Work task:
For each entry, output its words exactly and leave any picture behind.

◆ ◆ ◆ ◆ ◆

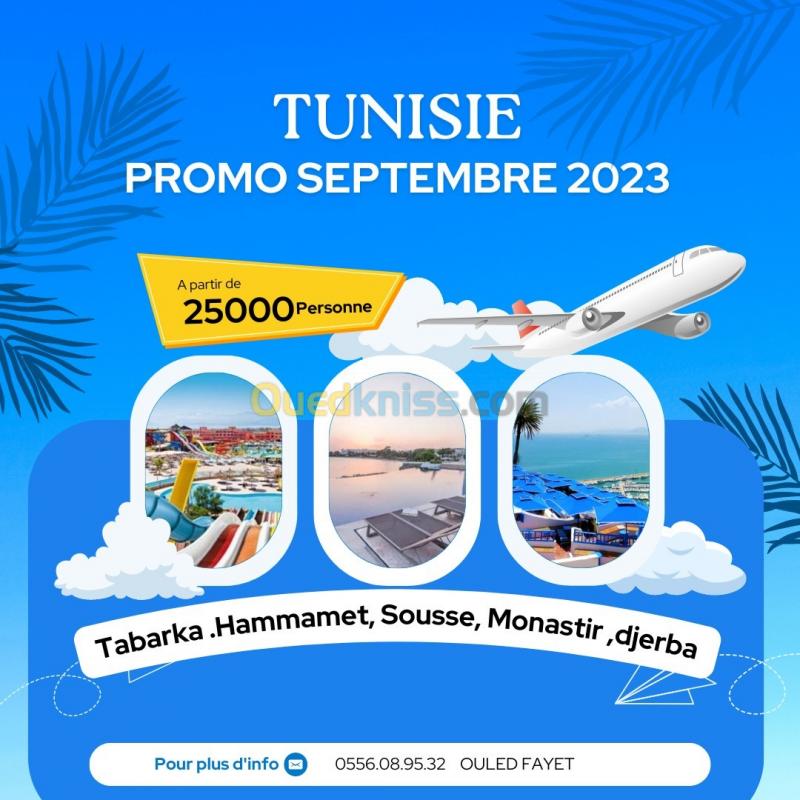  Tunisie septembre 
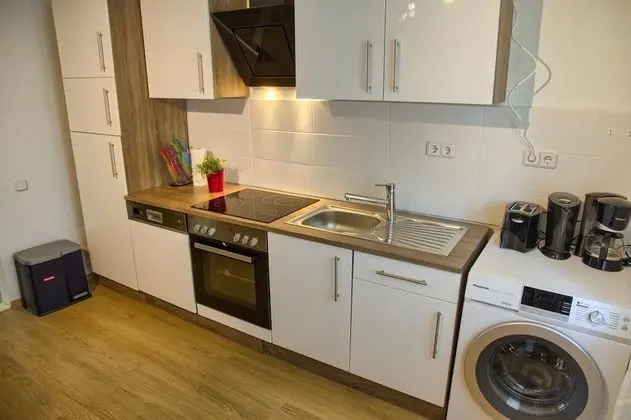 Apart Daire, Bahçe Manzaralı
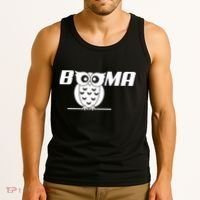 Booma Owl Tank Top thumb 3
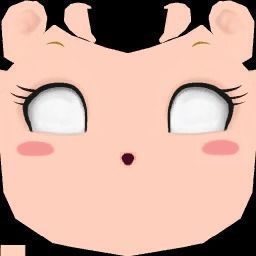 maroooooo eye with circle in middle 3D model_13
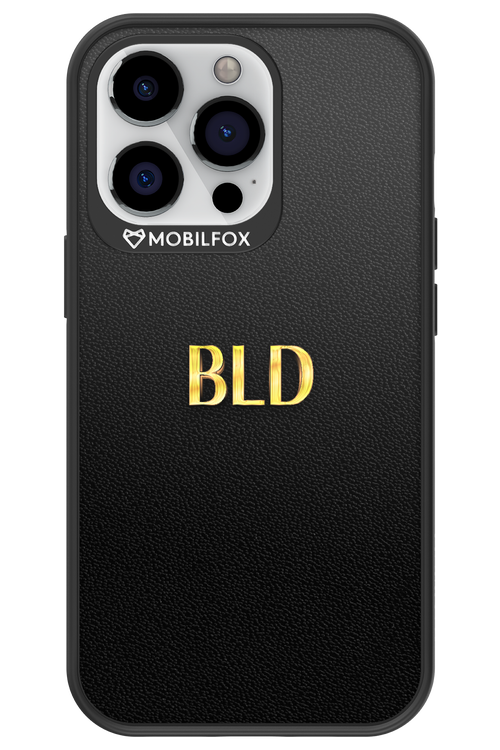 BLD GOLD LOGO - Apple iPhone 13 Pro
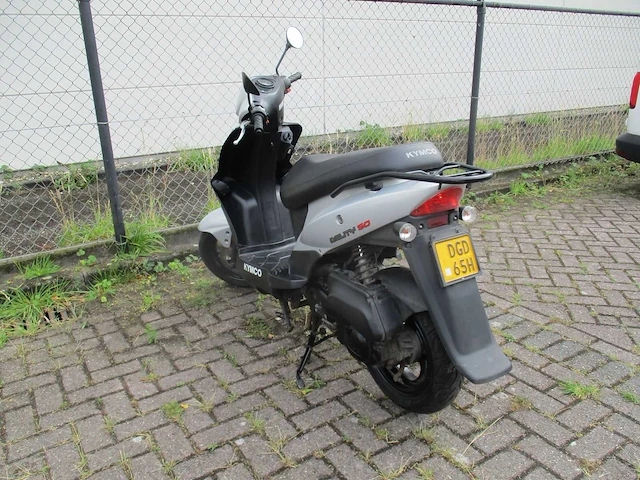 Kymco - bromscooter - agility 50 - scooter - afbeelding 2 van  12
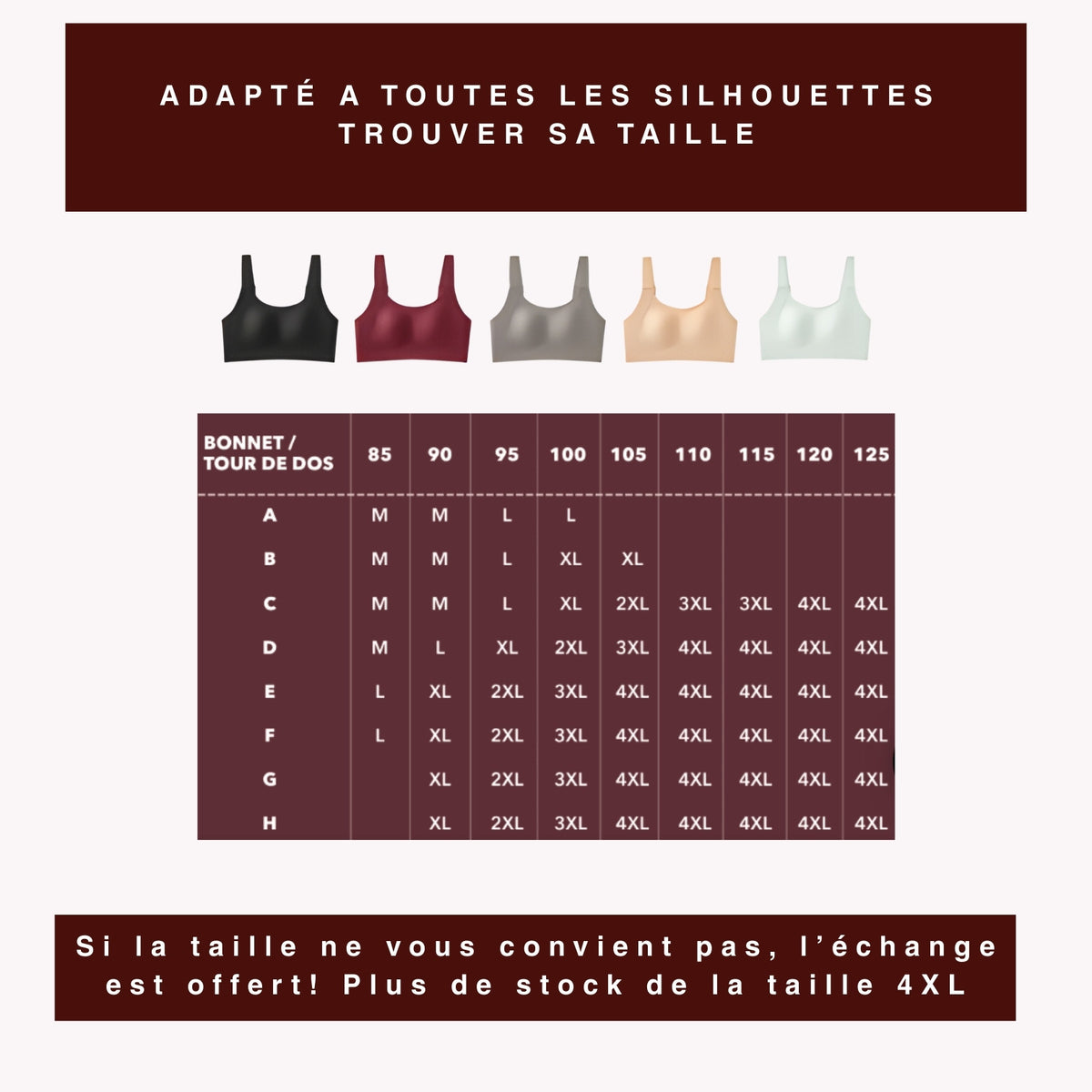 Soutien-gorge Glamoury maintien parfait & confort
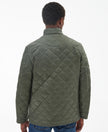 Barbour Flyweight Chelsea Quilt dusty olive back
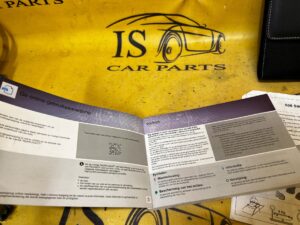 ETUI INSTRUKCJA KSIĄŻKA PEUGEOT 508 I RXH LIFT 2.0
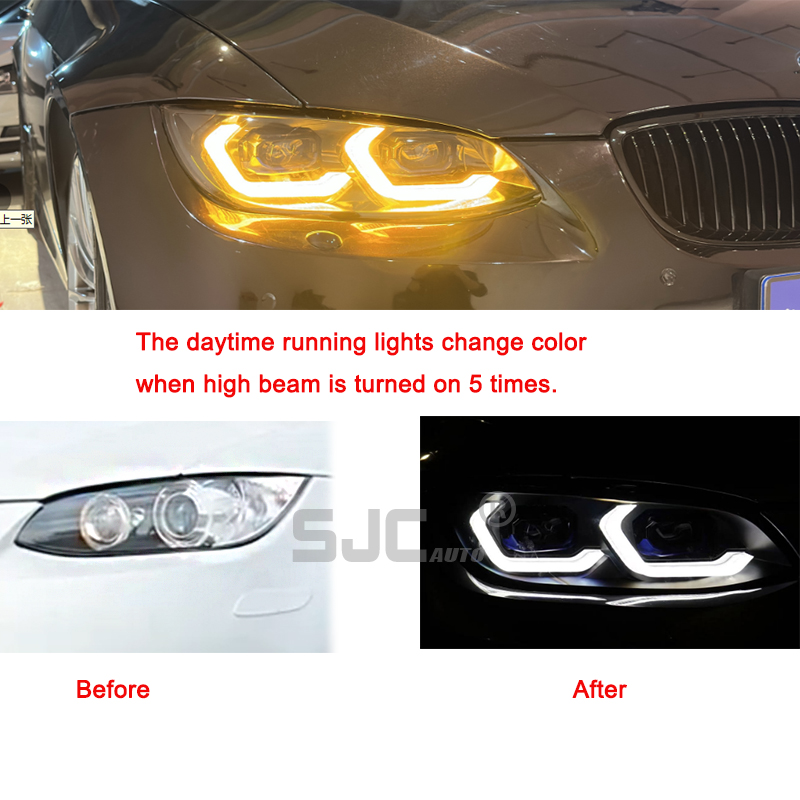 Original headlight with AFS function(2 pieces=1set)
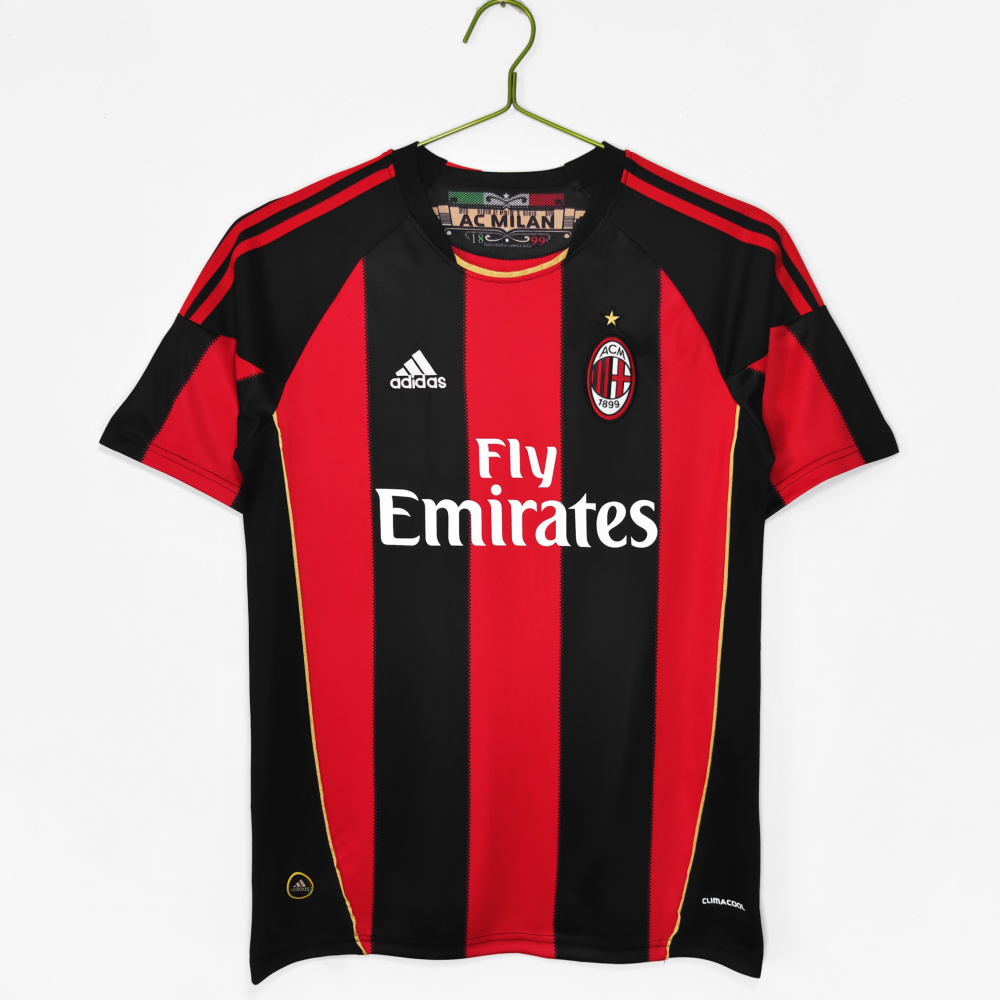 2010/11 season AC Milan home  Retro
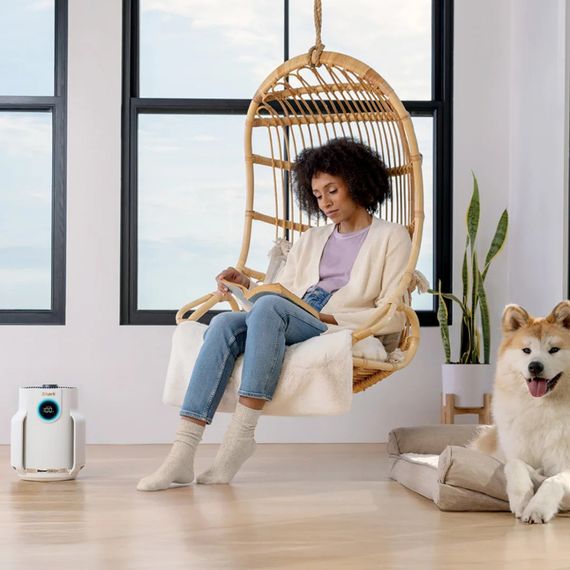 Очисник повітря Shark NeverChange5 Air Purifier Compact Pro (HP072EU) | Зображення 6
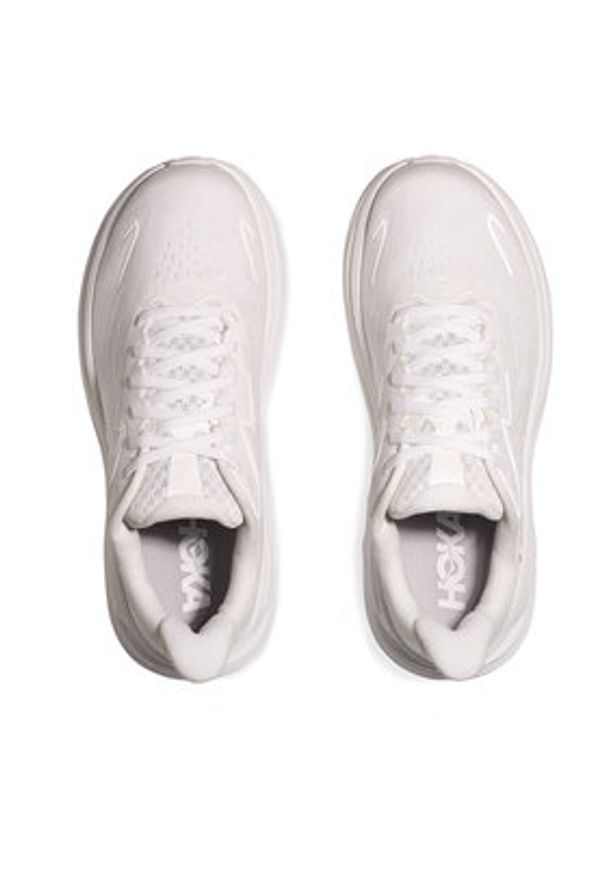 HOKA - Hoka Buty do biegania Clifton 10 1162030 Biały. Kolor: biały. Materiał: materiał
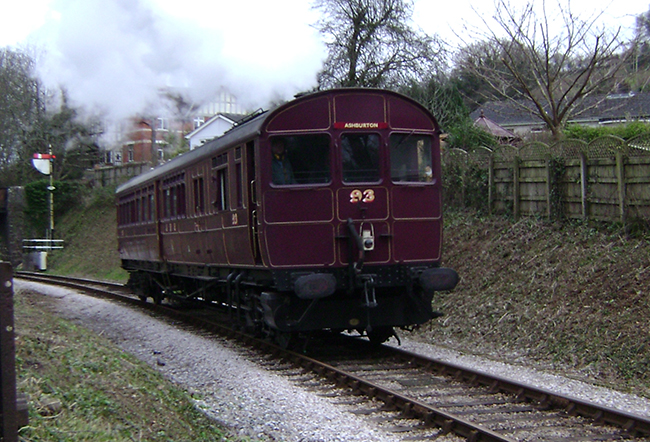 No 93 on shed at Buckfastleigh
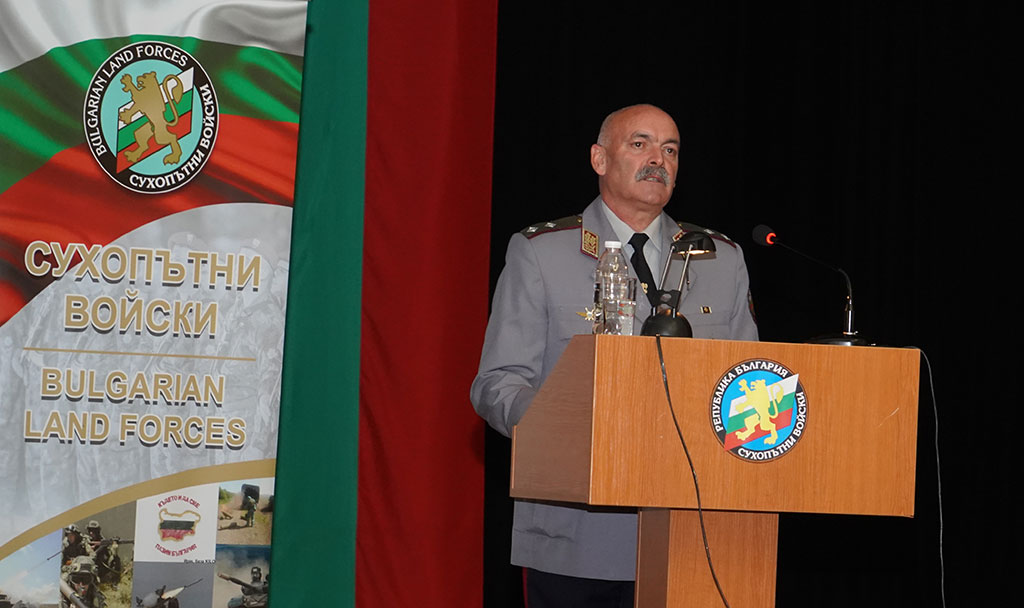 Събрание по случай празника на Сухопътни войски се проведе във ВА  „Г.С. Раковски“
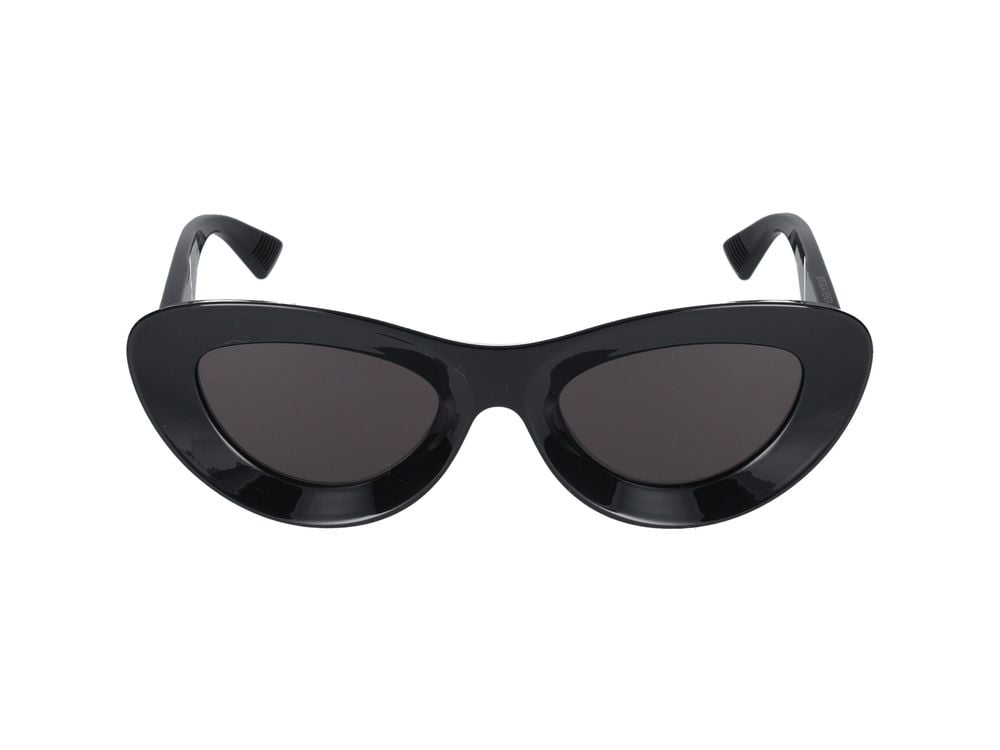 Bottega Veneta Sunglasses Bottega Veneta BV1325S 001 black black grey 51/22/140 Zwart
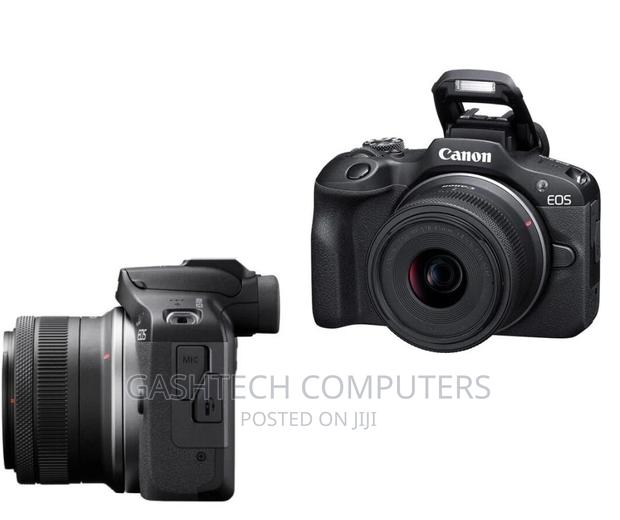 CANON EOS R100 With 18-45mm Lens - main view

◆ ◆ ◆ ◆ ◆

Task output:
  Tunisie septembre 
 Apart Daire, Bahçe Manzaralı
 Booma Owl Tank Top thumb 3
 maroooooo eye with circle in middle 3D model_13
 BLD GOLD LOGO - Apple iPhone 13 Pro
 Kymco - bromscooter - agility 50 - scooter - afbeelding 2 van  12
 Soutien-gorge Glamoury maintien parfait & confort
 Barbour Flyweight Chelsea Quilt dusty olive back
 ETUI INSTRUKCJA KSIĄŻKA PEUGEOT 508 I RXH LIFT 2.0
 Original headlight with AFS function(2 pieces=1set)
 2010/11 season AC Milan home  Retro
 Очисник повітря Shark NeverChange5 Air Purifier Compact Pro (HP072EU) | Зображення 6
 HOKA - Hoka Buty do biegania Clifton 10 1162030 Biały. Kolor: biały. Materiał: materiał
 No 93 on shed at Buckfastleigh
 Събрание по случай празника на Сухопътни войски се проведе във ВА  „Г.С. Раковски“
 Bottega Veneta Sunglasses Bottega Veneta BV1325S 001 black black grey 51/22/140 Zwart
 CANON EOS R100 With 18-45mm Lens - main view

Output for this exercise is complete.